*** Begin section ***

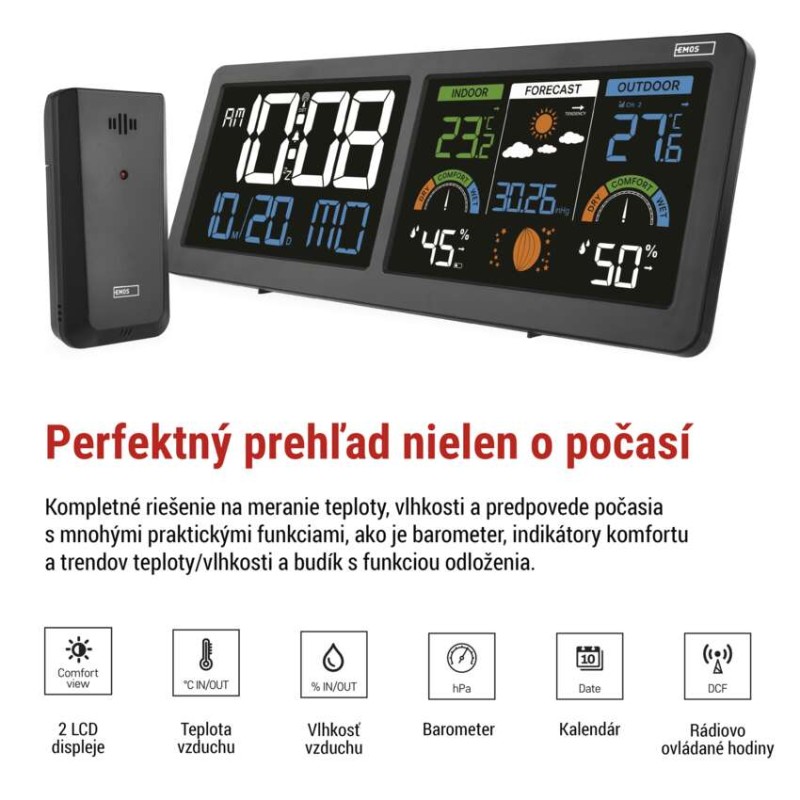 Domáca bezdrôtová meteostanica E8625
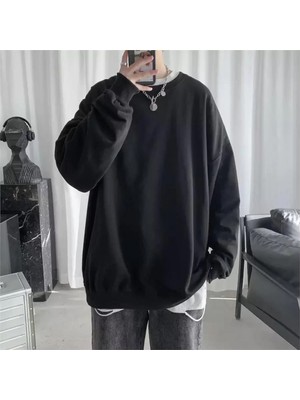 Köstebek Oversize Düz Siyah Orta Kalın Kumaş Oversize Unisex Uzun Kollu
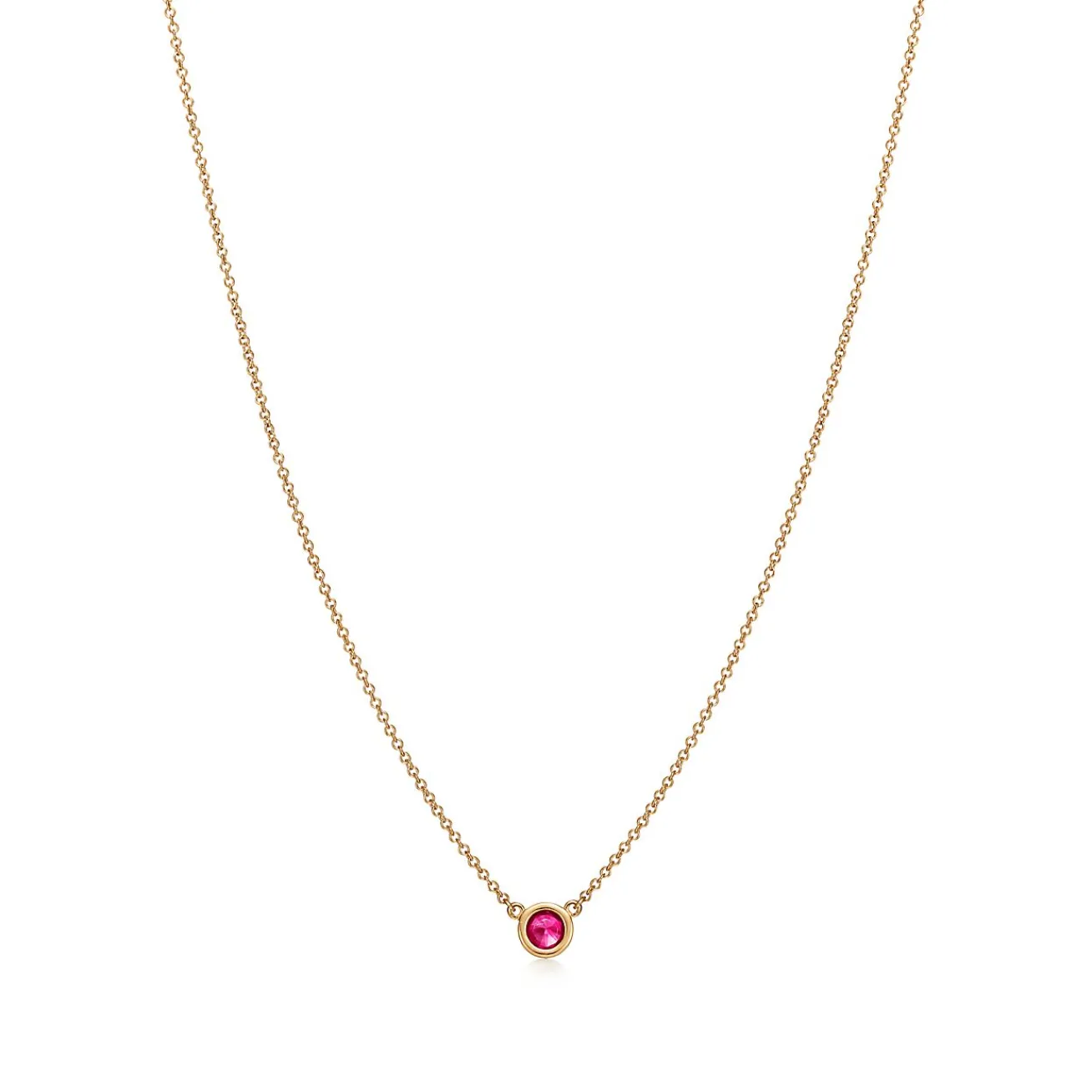 Tiffany & Co. Elsa Peretti® Color by the Yard Pendant in Yellow Gold with a Ruby | ^ Necklaces & Pendants|Gold Jewelry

*** End section ***

Required work » Reprint all the data above verbatim, excluding pictures.

Answer area »
 Domáca bezdrôtová meteostanica E8625
 Köstebek Oversize Düz Siyah Orta Kalın Kumaş Oversize Unisex Uzun Kollu
 Tiffany & Co. Elsa Peretti® Color by the Yard Pendant in Yellow Gold with a Ruby | ^ Necklaces & Pendants|Gold Jewelry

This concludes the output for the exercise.